*Records for this exercise*
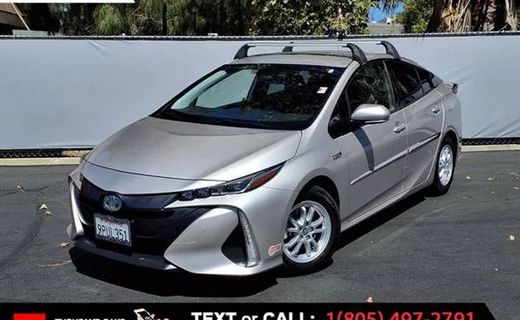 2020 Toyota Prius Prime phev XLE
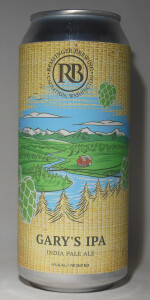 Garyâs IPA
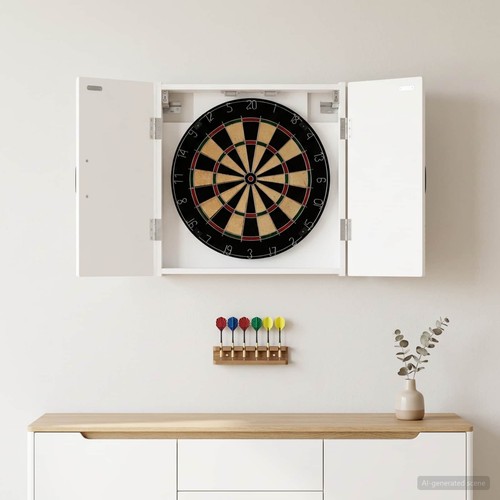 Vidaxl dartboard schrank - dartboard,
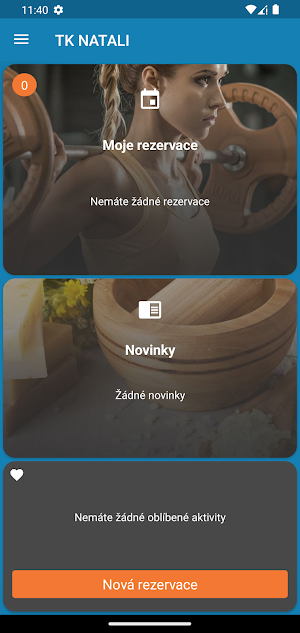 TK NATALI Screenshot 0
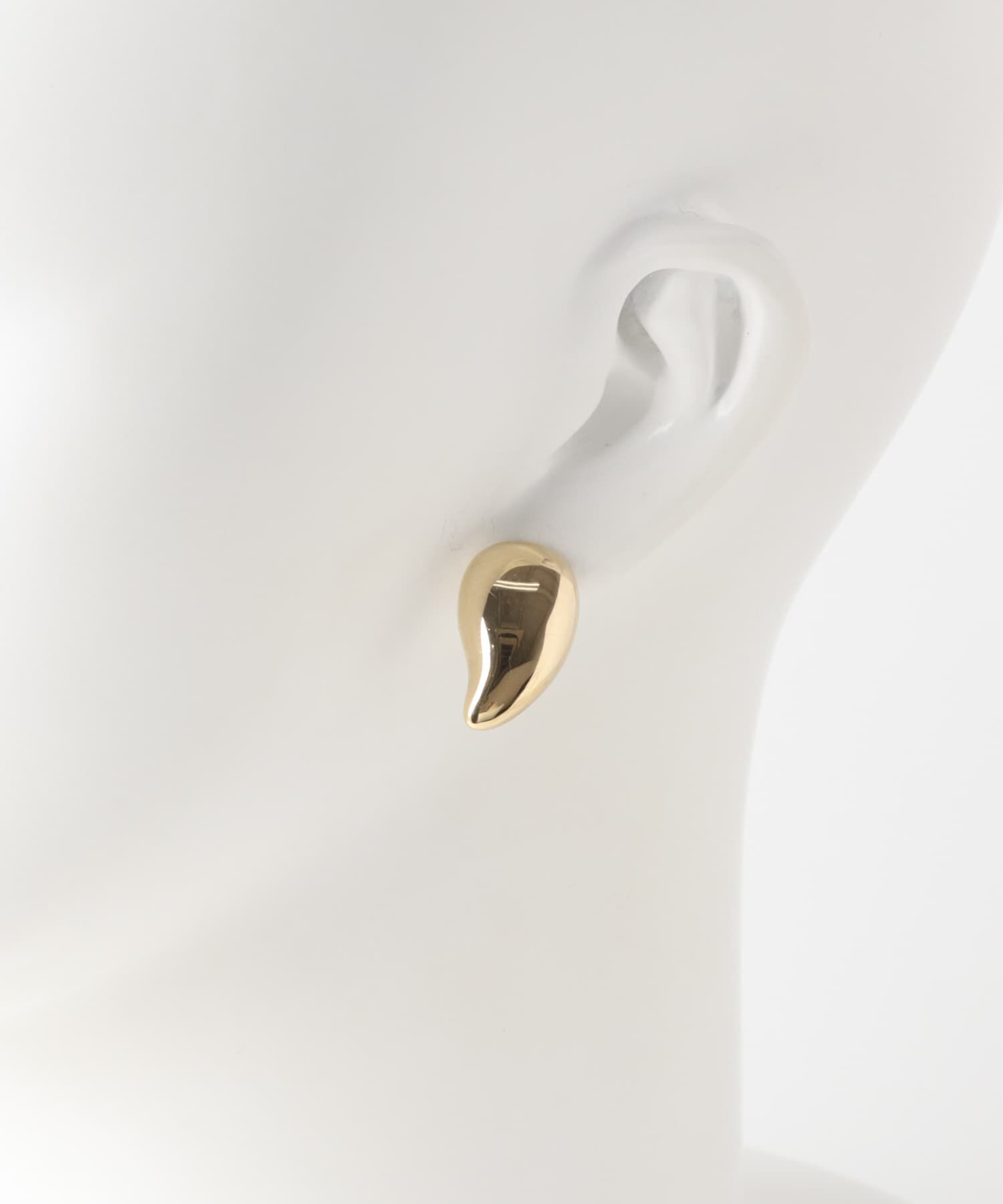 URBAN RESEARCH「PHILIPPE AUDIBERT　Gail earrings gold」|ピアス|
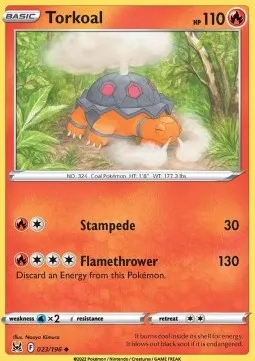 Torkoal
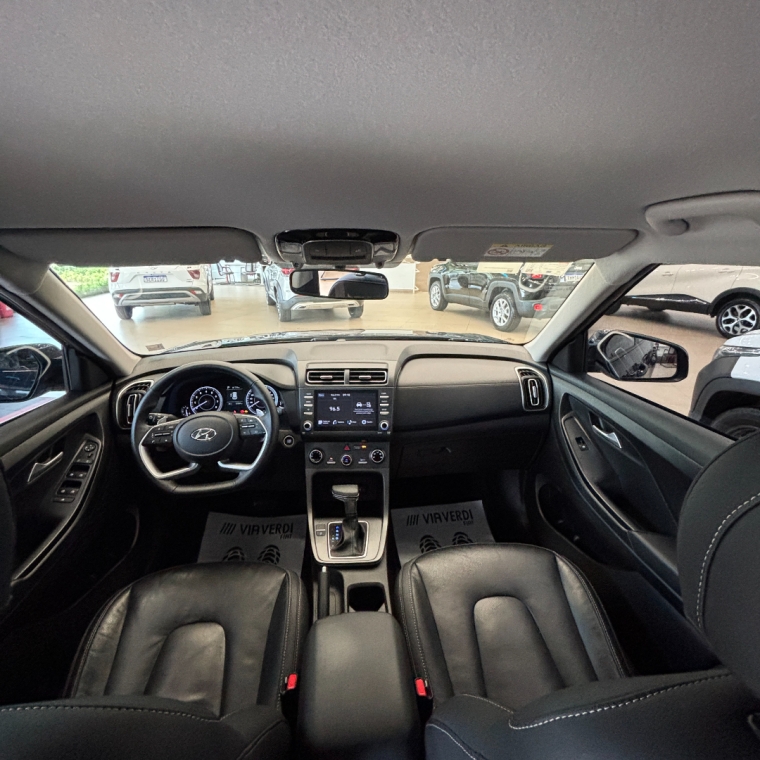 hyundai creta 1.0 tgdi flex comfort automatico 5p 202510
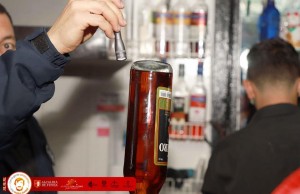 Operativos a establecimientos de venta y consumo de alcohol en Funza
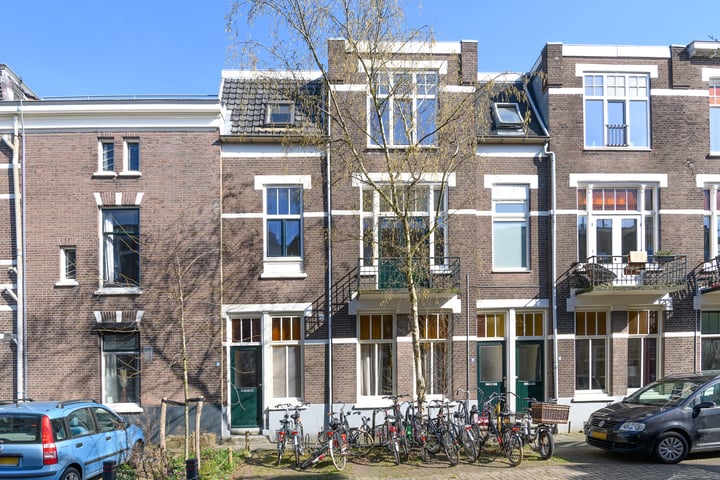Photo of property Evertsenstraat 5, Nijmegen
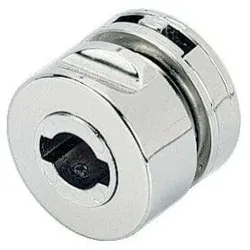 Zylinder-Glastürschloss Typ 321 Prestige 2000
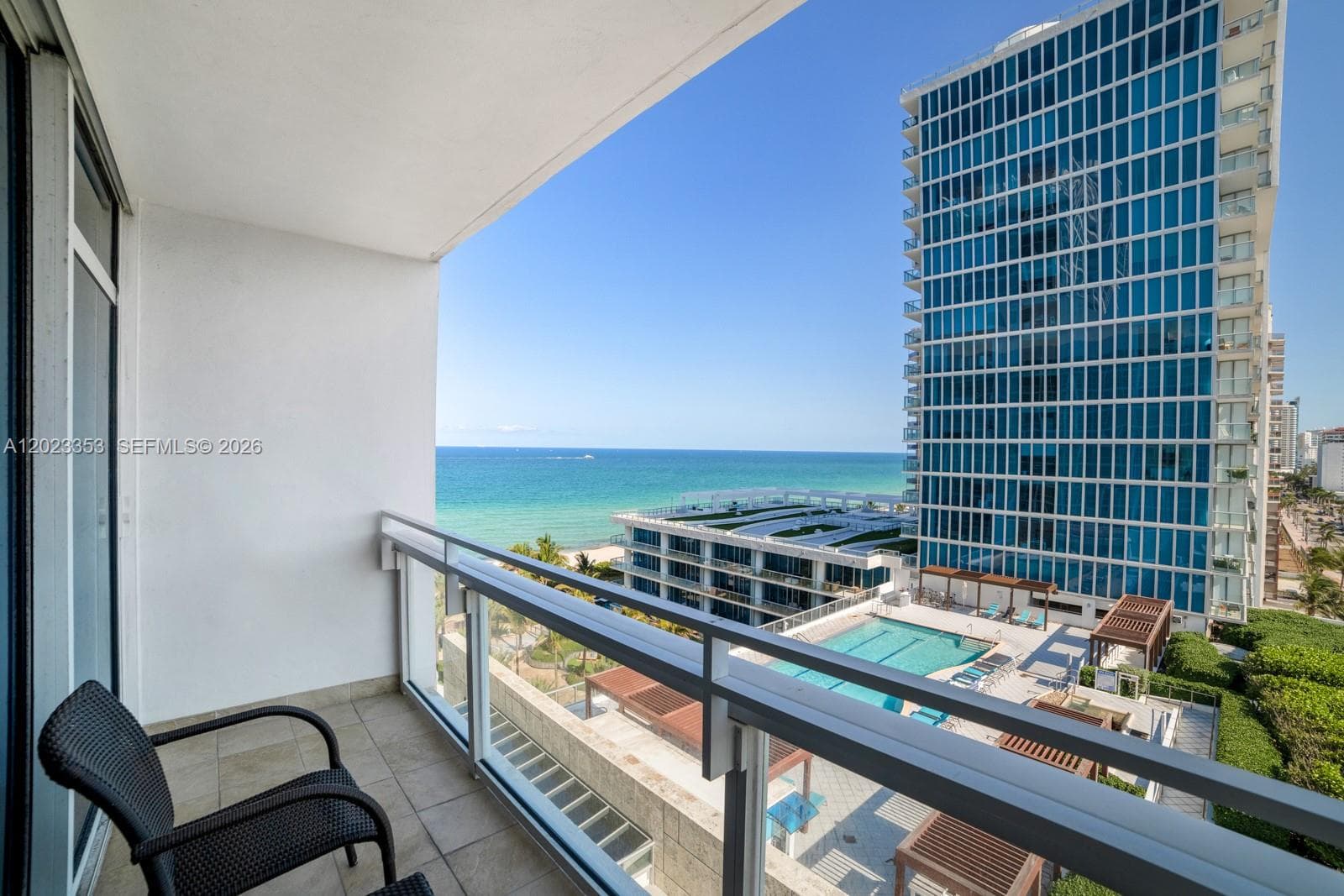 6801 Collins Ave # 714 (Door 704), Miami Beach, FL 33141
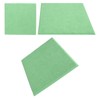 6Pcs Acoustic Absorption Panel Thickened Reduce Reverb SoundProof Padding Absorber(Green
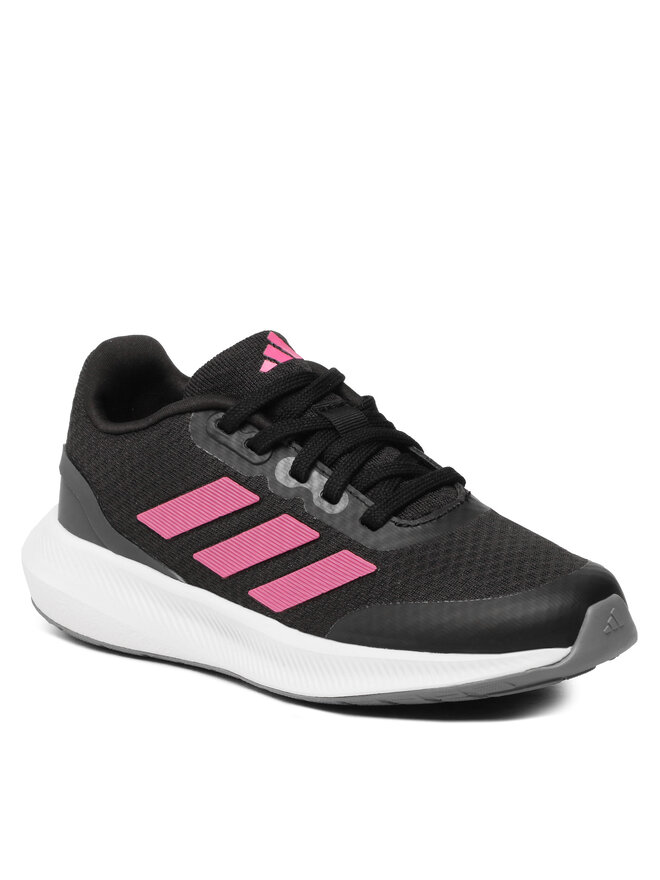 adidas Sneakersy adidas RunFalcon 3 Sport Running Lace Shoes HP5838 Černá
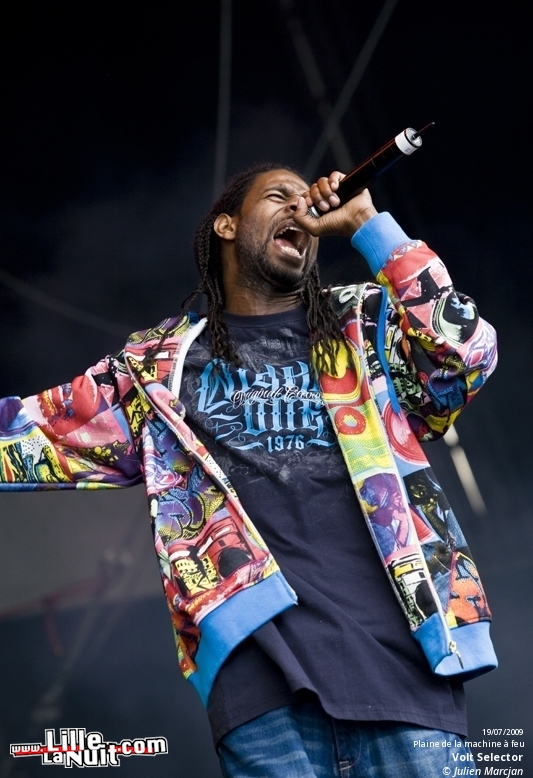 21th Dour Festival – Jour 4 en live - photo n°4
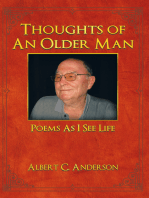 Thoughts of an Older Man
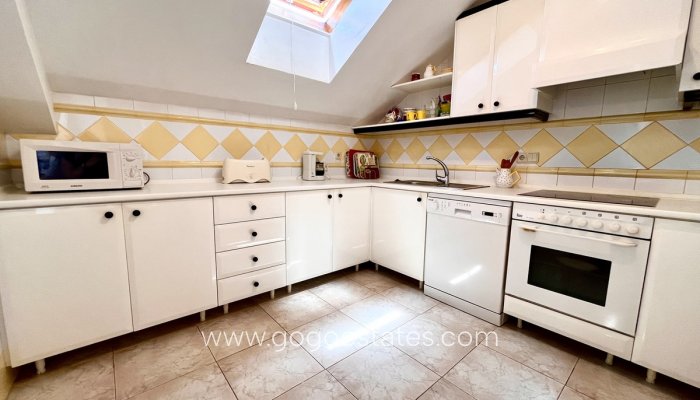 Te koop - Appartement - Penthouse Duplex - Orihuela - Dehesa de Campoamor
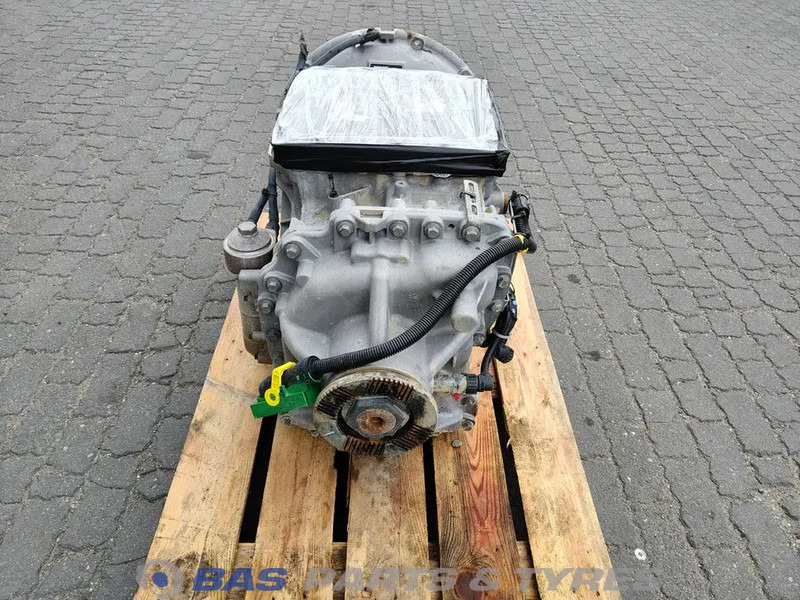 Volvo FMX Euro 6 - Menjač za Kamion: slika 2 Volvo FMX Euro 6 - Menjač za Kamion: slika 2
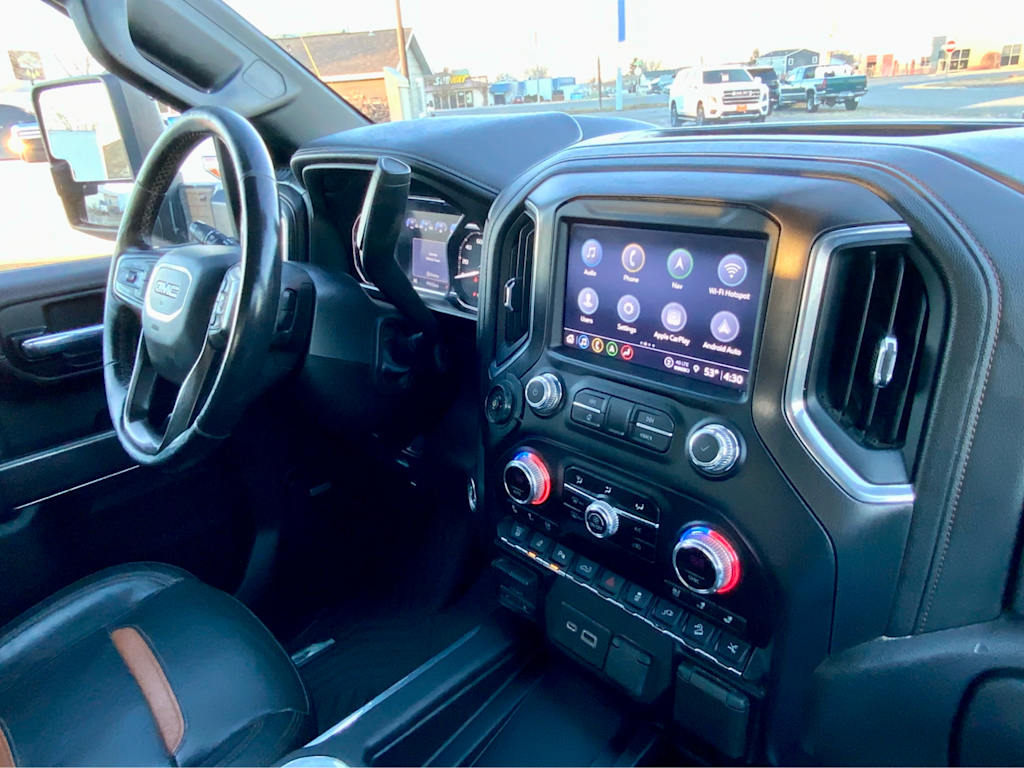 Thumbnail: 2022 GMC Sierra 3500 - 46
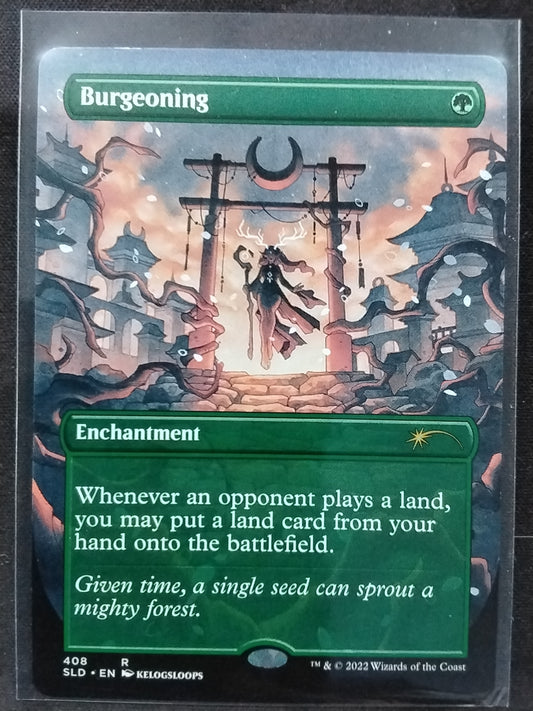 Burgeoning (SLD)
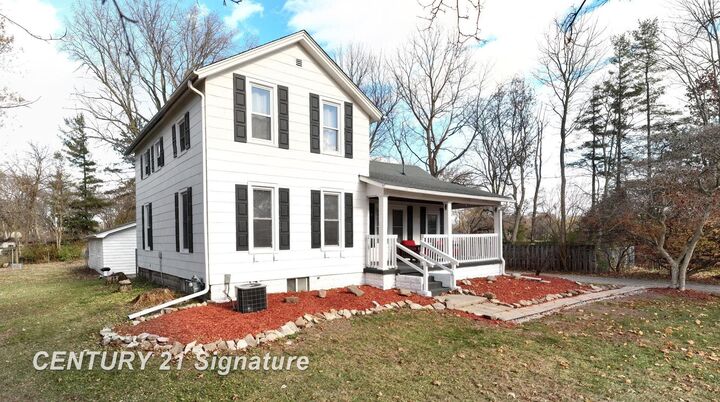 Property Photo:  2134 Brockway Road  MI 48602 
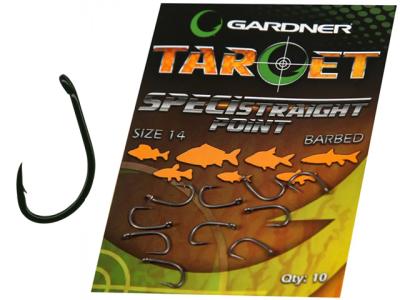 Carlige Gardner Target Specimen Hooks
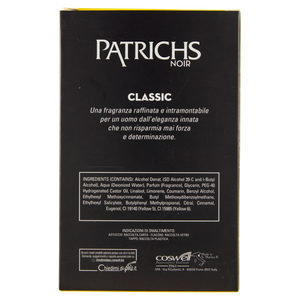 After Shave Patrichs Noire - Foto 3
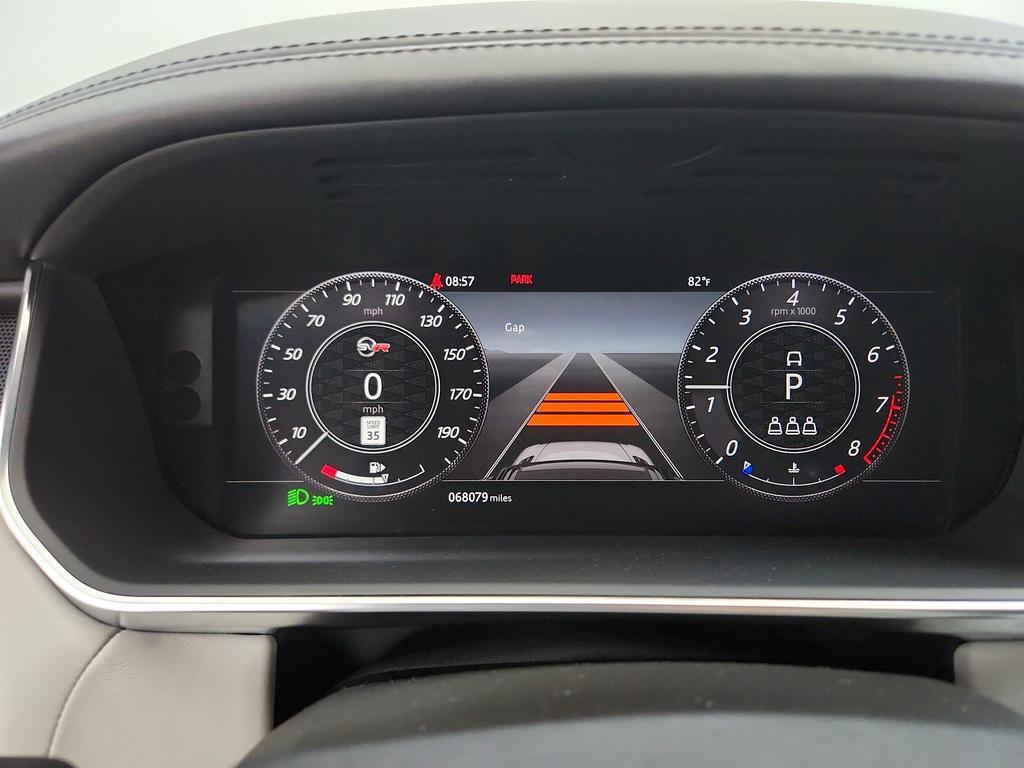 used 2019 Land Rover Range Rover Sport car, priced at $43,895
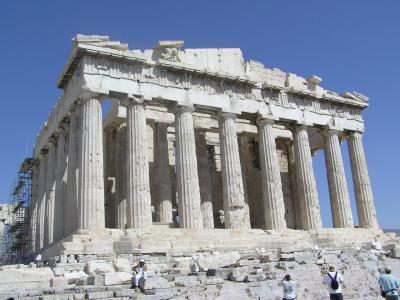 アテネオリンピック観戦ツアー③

*Task requirements*
Repeat the listing above exactly from its first line to the line containing "Photo of property Evertsenstraat 5, Nijmegen", both included, and omit the pictures.

*Finished exercise*
 2020 Toyota Prius Prime phev XLE
 Garyâs IPA
 Vidaxl dartboard schrank - dartboard,
 TK NATALI Screenshot 0
 URBAN RESEARCH「PHILIPPE AUDIBERT　Gail earrings gold」|ピアス|
 Torkoal
 hyundai creta 1.0 tgdi flex comfort automatico 5p 202510
 Operativos a establecimientos de venta y consumo de alcohol en Funza
Photo of property Evertsenstraat 5, Nijmegen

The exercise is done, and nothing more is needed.